The car made its debut in Miami in October. And it’s not trying to be just another hypercar. According to founder Carlos Cruz, it’s a statement about what high-performance cars should feel like when you’re actually driving them. The aesthetic matters. The driver connection matters. Technology serves those goals, not the other way around.

A Transatlantic Vision Takes Form

Carlos Cruz built his career in finance, technology, and artificial intelligence. He scaled multi-million-dollar companies in those fields. Then he wanted to make something you could feel.

“Our dream was to create a beautiful, high-speed vehicle that evoked emotion and a sense of connection,” Cruz explains. “We didn’t want to make another supercar – we wanted to build something that feels like flight, like sculpture, like power at your fingertips. We sought to build a reality where performance, beauty, control, and freedom could exist in one car – without compromise.”

That philosophy shows up everywhere in the Turbio. The company is headquartered in the US but manufactures in Italy. It’s neither purely American nor purely Italian. It pulls from both traditions and creates something new.

The Pininfarina Partnership: Legacy Meets Innovation

You can’t build a car like this alone. Cruz needed a partner with serious credentials. He picked Pininfarina, the Italian design house that’s been doing this since 1930.
Pininfarina isn’t small. They employ 500 people across Italy, Germany, China, and the United States.

Their portfolio includes more than 1,450 automotive and mobility projects, plus over 750 product and architecture commissions. In the last decade alone, they’ve won more than 90 international design awards.

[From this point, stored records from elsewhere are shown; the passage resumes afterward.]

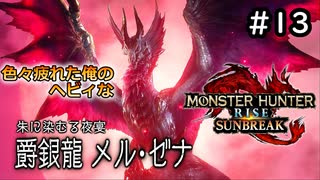 【MHRISE:SUNBREAK】#13 色々疲れた俺のヘビィなサンブレイク！！！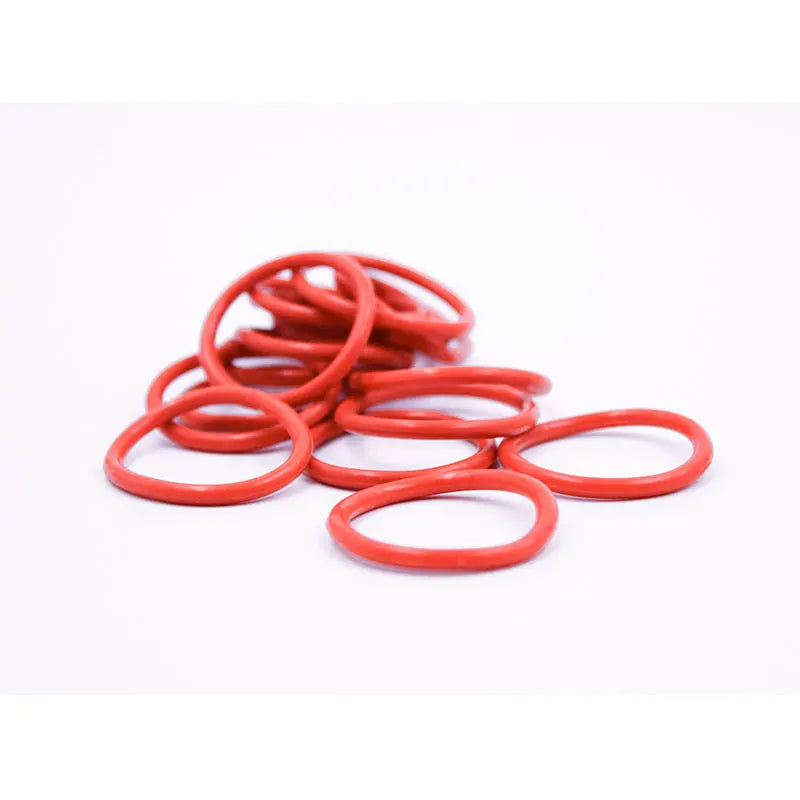 Red VMQ Silicone O-Rings 1mm CS Gasket Seals – Waterproof Silicone O-Ring Seals Richie's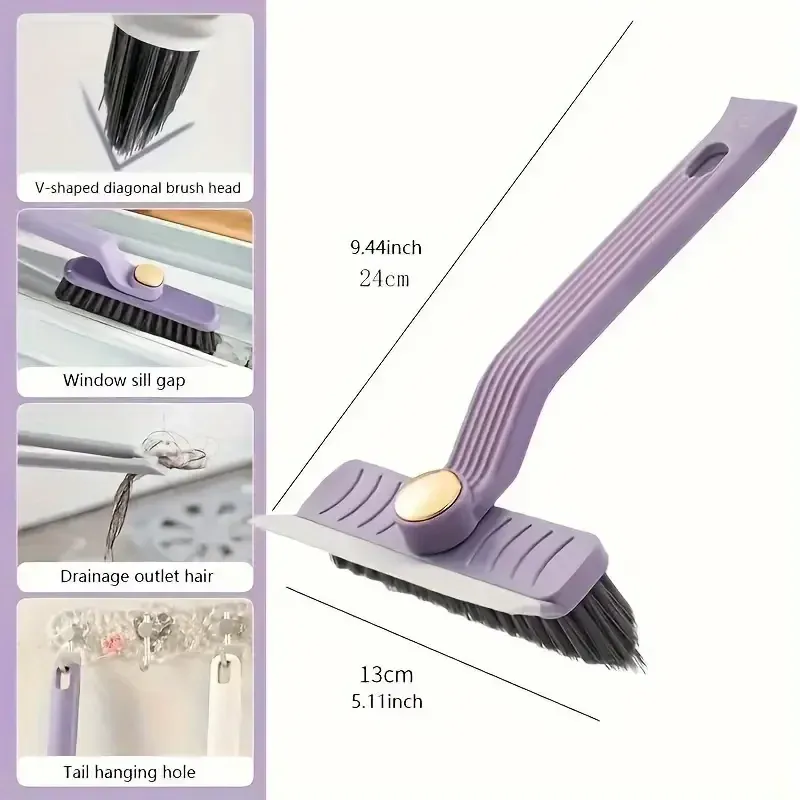 Brosse de nettoyage polyvalente en situation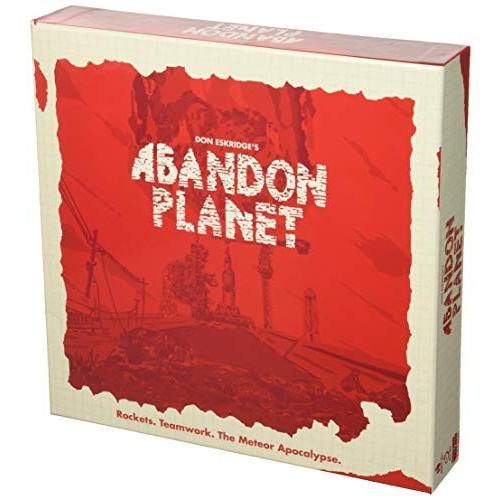 ボードゲーム 英語 アメリカ ORN100 Orange Machine Games Abandon...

They’ve worked with Ferrari and Maserati. They know how to make cars that look fast and actually are fast. For Vittori’s first attempt at a hypercar, that experience matters.

“Partnering with Vittori on a new vision for the hypercar market embodies one of the essential traits of Pininfarina,” states Giuseppe Bonollo, SVP Mobility at Pininfarina. “For decades, Pininfarina has leveraged its heritage in coachbuilding and its ability to transform pure design exercises into industrial realities through comprehensive, turn-key solutions. These skills remain paramount at Pininfarina in serving global customers, and we are therefore pleased to support Vittori in its mission.”

Pininfarina didn’t just draw some sketches and walk away. They’re involved from concept through manufacturing. Their knowledge of materials, ergonomics, and what actually works at high speeds turned Cruz’s vision into a real car.

Design Philosophy: Where Form Follows Function

Look at the Turbio’s exterior. Every line serves a purpose. The curves aren’t decorative. They’re there for aerodynamic performance. Body surfaces flow into air intakes and exhausts because that’s what cooling requires at these speeds.

But here’s the thing: functional design looks good. The Turbio proves it. When you design for aerodynamics first, you get a silhouette that works visually because it works physically. The active rear wing adjusts for drag or downforce depending on what you need. That’s both practical and striking.

The aerodynamics came from modern computational techniques. Components get made with additive manufacturing, for precision, traditional methods can’t match. Digital design meets Italian craftsmanship. Previous generations of automotive engineers couldn’t do this.

The powertrain comes from Italtecnica, an Italian engineering specialist. It’s proprietary. Detailed specs aren’t public yet, but the hybrid setup shows where Vittori stands. They want performance without ignoring environmental regulations entirely. It’s pragmatic, not ideological.

The Interior: A Rebellion Against Touchscreen Tyranny

The exterior’s impressive. The interior’s radical.

Most cars now have touchscreens everywhere. Vittori went the opposite direction. Physical switches. Analogue interfaces. Real buttons and dials.

This isn’t nostalgia. It’s a calculated decision about how driving works. At hypercar speeds, you can’t look away from the road to tap a screen. Physical controls let you adjust things through muscle memory and touch. You feel the click, the resistance, the confirmation. Your eyes stay forward.

Every control sits where you can reach it instinctively. Pininfarina spent decades learning how to design interiors for performance driving. They know what works when you’re pushing a car hard.

There’s also something visceral about mechanical controls. A toggle switch clicks. A rotary dial has weight and resistance. Buttons give tactile feedback. Touchscreens can’t replicate that. And those sensations matter when you’re trying to feel connected to a machine.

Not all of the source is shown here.